If this is realistic – that a teacher might communicate all he or she knows to the student – then what is unrealistic?   Let us pretend for a moment that a teacher’s viewpoint, his or her value system that corresponds perfectly with the way reality is.  (This is a hypothetical.)  Let us say that the teacher is experiencing the happiness of being fully alive, full in all her relationships. She is “one with the universe.”  She communicates all she knows and holds dear to her student.  Her student apprehends it completely.   But the student does not accept it.  The student does embrace it. The student does not love it.  She is in the presence of the most peaceful being on the world.  She has sat at her feet.  Listened to every word.  Still, she sees the world differently.  She values something else.  She loves differently.  Does this picture surprise?

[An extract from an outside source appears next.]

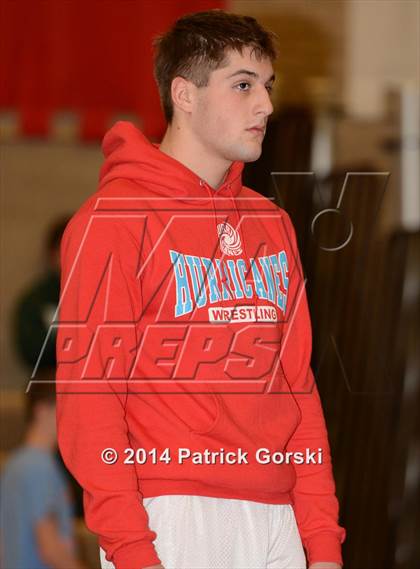 Thumbnail 2 in Marian Central Catholic vs. Marist photogallery.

Do we think the student a fool?  If we do, then we are uncovering the fact that one does not really believe there is true diversity in the universe.  Rather, we hold that the diversity we experience everyday is only an illusion.   And more importantly, that our beings, our selves, are not real, but only an illusion.  For only if I am not the Other, should I not be surprised if there exists real diversity in values?   To be able to give true dignity to the Other, I have to assume that even if the Other knew all I knew, he or she would still be empowered to reject my values and see the world differently.

To use Education as a means to save the Other is to place oneself in the position as a Savior to the Other, as the one who brings salvation to the Other.  Doing so does not recognize the Other as an equal.  It casts the Other as radically inferior.    If one enters into a relationship with the Other with the intent to bring salvation to them, then one is bringing a predefined structure to the relationship into which the Other is forced to conform.   This is not a healthy relationship, as Appiah writes, “Would you really want to live in a world in which the only things anyone had ever cared about was saving lives?” (2007, p. 166)

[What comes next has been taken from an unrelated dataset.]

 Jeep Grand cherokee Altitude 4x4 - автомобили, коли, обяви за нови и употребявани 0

The Teacher is responsible for communicating his or her best understanding of values which contribute to a healthy relationships.   The result of education, however, may be very different than what we envision.  The relations the Student may develop may appear to us wonderful, or they may appear to us horrible.   Because of the diversity of reality, this should not come as surprise, nor should it be feared.    Rather Educators should engage the Student recognizing that the Other has full agency and an equal responsibility.   The Student will and should examine the Teacher’s values, and test the claims of superiority.  Ultimately, the Student is empowered to accept or reject the Teacher’s values completely.   To be an educator is to risk rejection.  Appiah writes, “We enter every conversation – whether with our neighbors or with strangers – without a promise of final agreement (2007. p44).  A significant element of the Moral and Spiritual Dimensions of Education is the recognition that to educate means to participate in the expansion of the Other’s choices.  While Love requires us to choose one thing over another. Wonderfully and ironically, it is only content if the Other is free to choose as well.

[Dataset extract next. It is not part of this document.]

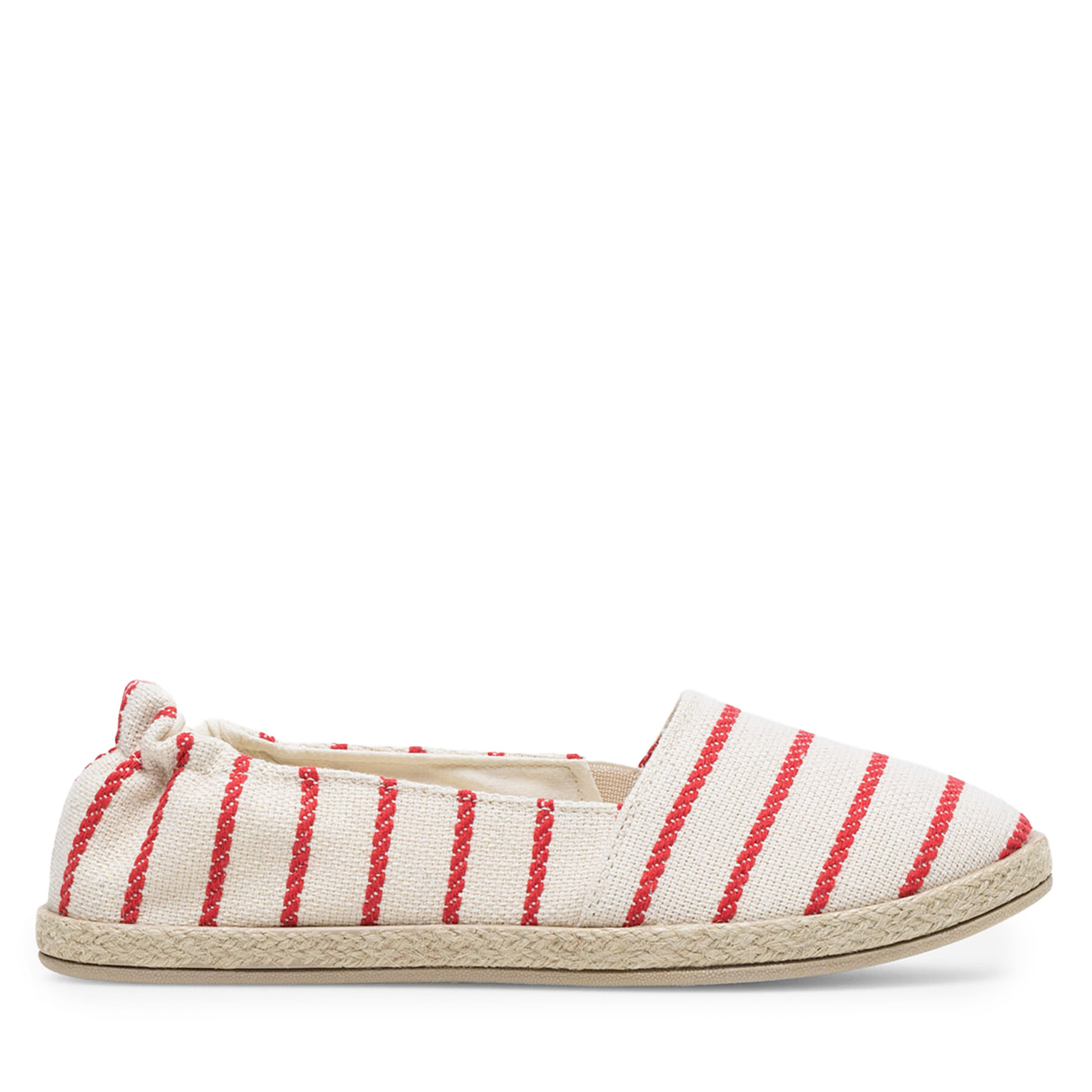 Espadrilky Jenny Fairy KAYLA WSK1609-05 Biela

Appiah, Kwame Anthony (2007). Cosmopolitanism: Ethics in a World of Strangers.  New York:     Norton.
Bauman, Zygmunt (1995). Life in Fragments: Essays in Postmodern Morality. Oxford: Blackwell.
Caputo, John D (2001). On Religion. London: Routledge.
Padawan. Retrieved May 1, 2009, from Wookeeepedia Web site: http://starwars.wikia.com/wiki/Padawan
Rorty, Richard  (1999). Philosophy and Social Hope.  London:Penguin Books.